Em “Hysteria!”, esse desespero coletivo ganha forma na fictícia Happy Hollow, uma cidade de Michigan onde as tensões explodem após o desaparecimento de dois adolescentes, Faith (Nikki Hahn) e Ryan (Brandon Butler). A investigação ganha contornos surreais quando rumores de cultos satânicos começam a circular, arrastando a comunidade para um turbilhão de acusações, mentiras e violência social.
A série explora como esses medos fabricados são alimentados por instituições e figuras de autoridade, como Tracy Whitehead (Anna Camp).
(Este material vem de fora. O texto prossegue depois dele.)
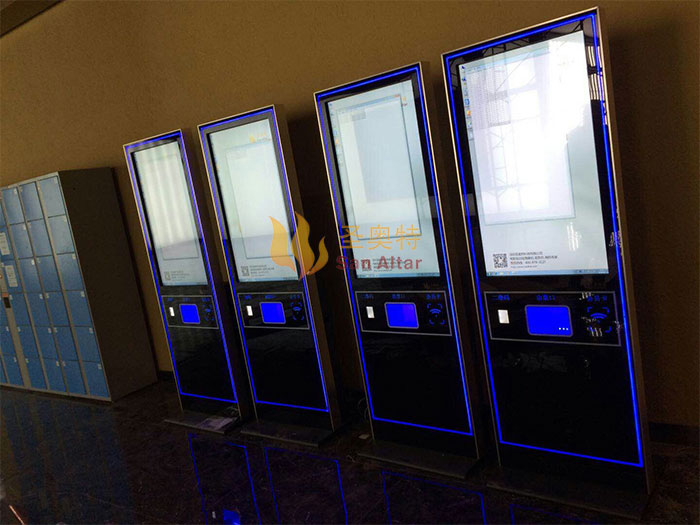 誠(chéng)豐影城（黃山店）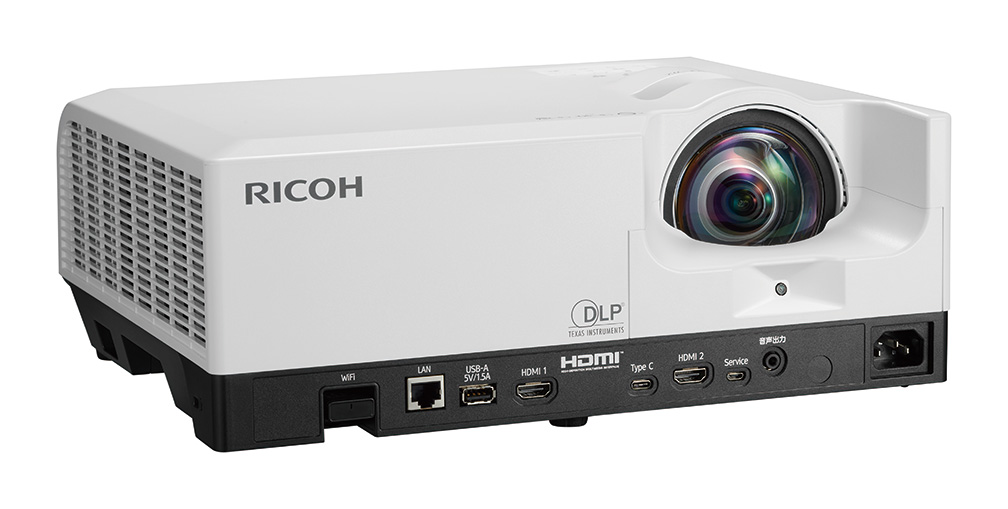 レーザー光源を採用したデスクトップ型の短焦点プロジェクター「RICOH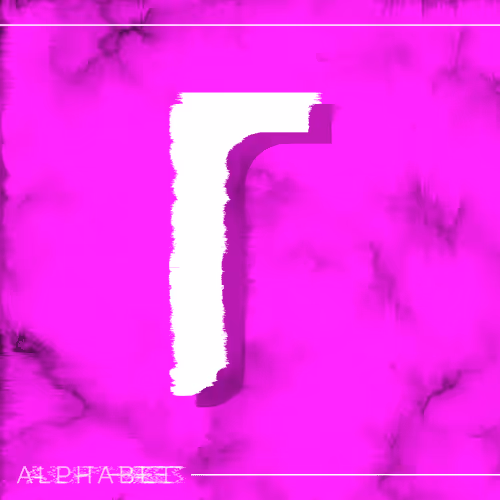 Item #5067725437369901910623003618819144668909584315033803873922341452357948145665 Media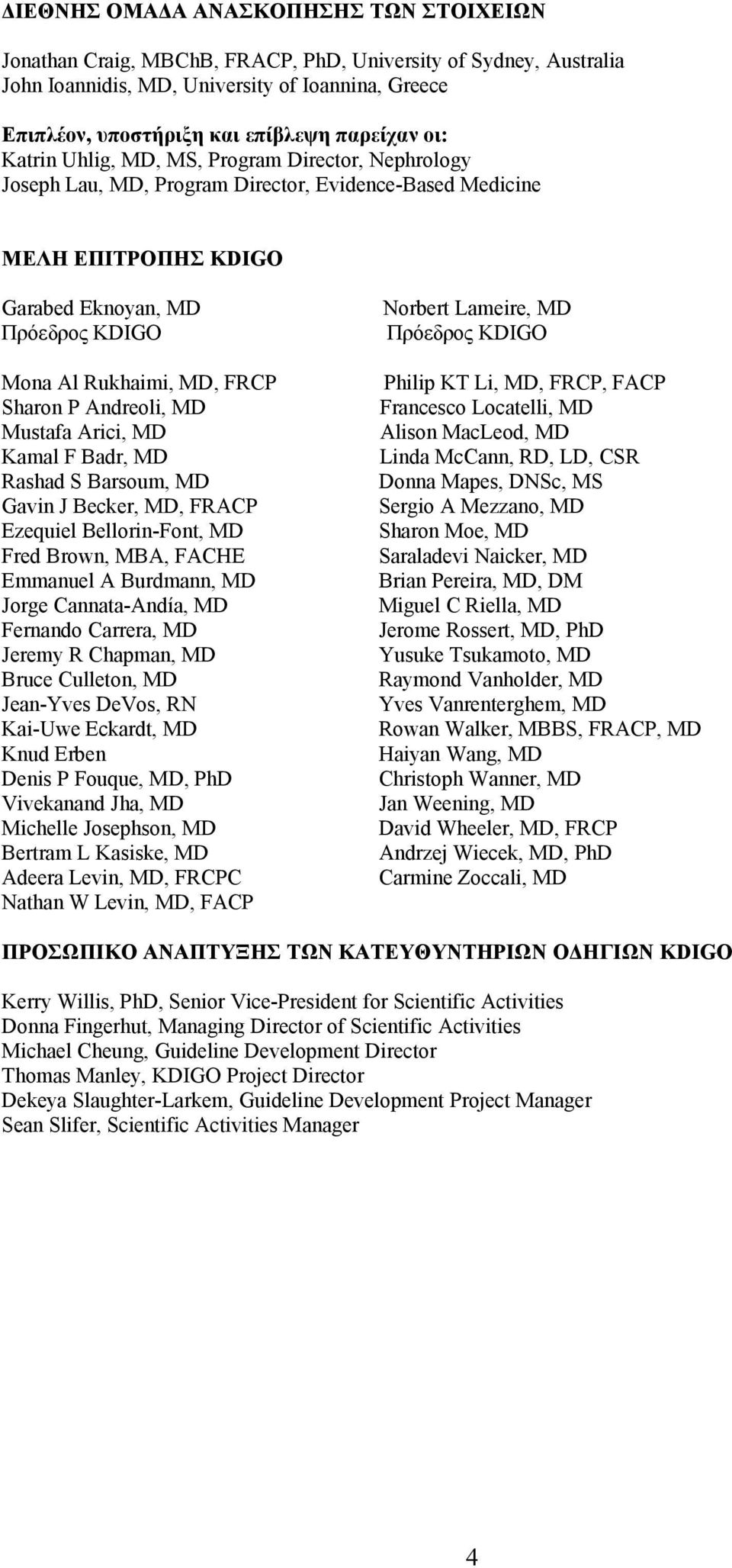 Πρόεδρος KDIGO Mona Al Rukhaimi, MD, FRCP Philip KT Li, MD, FRCP, FACP Sharon P Andreoli, MD Francesco Locatelli, MD Mustafa Arici, MD Alison MacLeod, MD Kamal F Badr, MD Linda McCann, RD, LD, CSR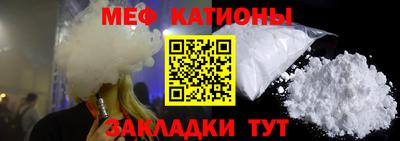 круглые Ставрополь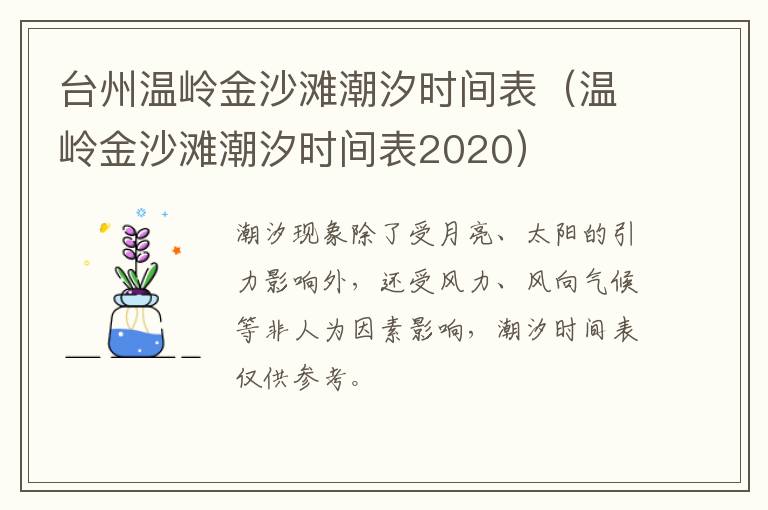 台州温岭金沙滩潮汐时间表（温岭金沙滩潮汐时间表2020）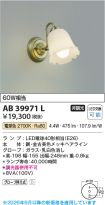 AB39971L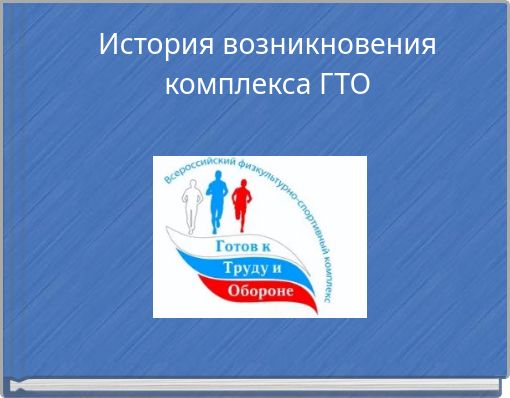 История возникновения комплекса ГТО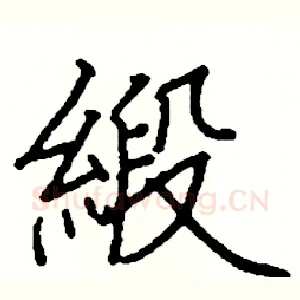 緞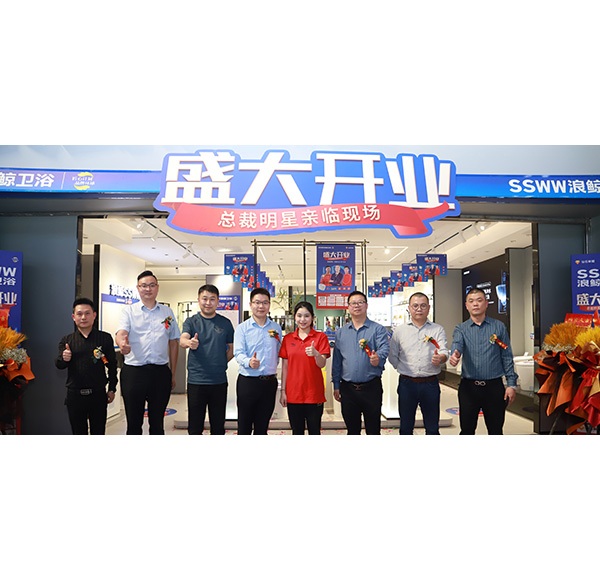 总裁明星亲临现。〔┮谔霉偻涝≈厍旄⒘昃尤恢业晔⒋罂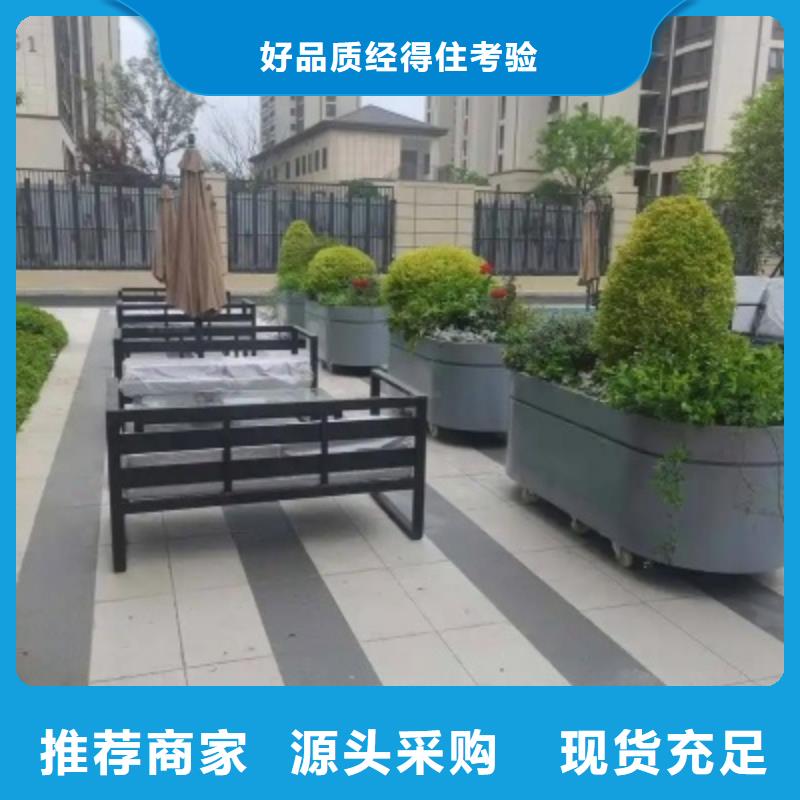 花箱坐凳欢迎来电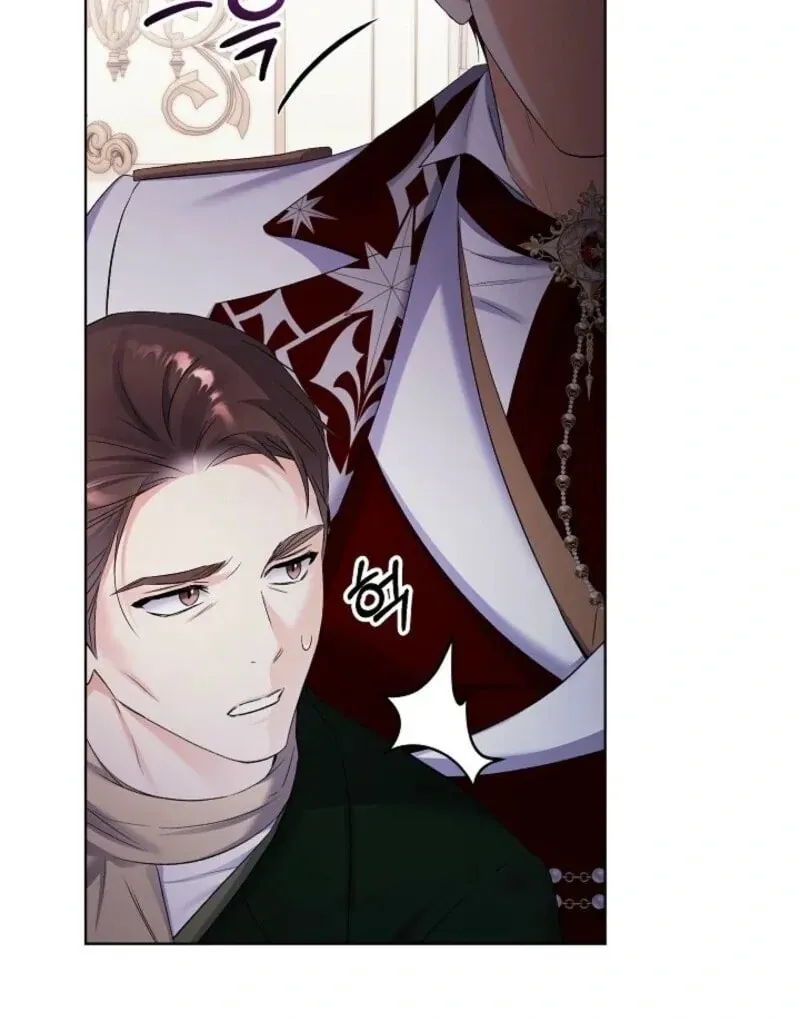 Read Celeb Lady chapter 53 image 93 on Lezhin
A fanática religiosa representa o fervor irracional que inflama pais e autoridades locais contra adolescentes que apenas tentam se encontrar em meio à confusão da juventude.
Personagens imperfeitos e narrativa rica
Uma das forças de “Hysteria!” é o elenco jovem. Dylan (Emjay Anthony) é o protagonista relutante, a tentativa desesperada de atenção o coloca no centro da controvérsia satânica. Sua banda de metal, Dethkrunch, é o ponto de convergência entre humor e tragédia. A dinâmica entre os integrantes da banda e a popularidade repentina que eles alcançam ao abraçar uma identidade sombria é um dos motores narrativos mais interessantes da série.
No lado adulto, o veterano Bruce Campbell, como o chefe de polícia, entrega uma boa atuação diante de um personagem que, a princípio, parece fazer escolhas sábias diante do desespero da população. Julie Bowen, a eterna Claire de “Modern Family”, faz uma performance inesperadamente sombria como a mãe de Dylan, uma mulher que enfrenta seus próprios demônios enquanto o caos se desenrola ao seu redor.
Um terror perspicaz
A habilidade de “Hysteria!” de combinar terror e humor é um dos seus maiores méritos. Referências a clássicos do gênero como “Halloween” são utilizados de maneira inteligente e sem cair no clichê. O programa constroi sua própria identidade ao equilibrar elementos nostálgicos com uma abordagem mais contemporânea, que não tem medo de criticar os excessos e absurdos da época, assim como “Stranger Things”, a sua maneira, também o fez.
O uso de um design de produção retrô reforça a atmosfera da série, enquanto o roteiro investe em diálogos que capturam tanto a inocência quanto a perversidade de uma era obcecada pela moralidade superficial. Mesmo as cenas assustadoras não perdem o tom satírico que permeia a narrativa.
Reflexões atuais em um contexto retrô
Embora ambientada em 1989, o texto de “Hysteria!” traz questões contemporâneas, especialmente em um mundo onde as teorias da conspiração ainda prosperam. A série usa seu cenário histórico para investigar como o medo do desconhecido é manipulado para controlar e punir os mais vulneráveis.
Seja pela crítica ao moralismo religioso ou pela exposição das hipocrisias de uma sociedade que privilegia atletas como Ryan enquanto marginaliza adolescentes como Dylan, o programa entrega uma análise poderosa de uma era que, em muitos aspectos, reflete os dilemas de hoje.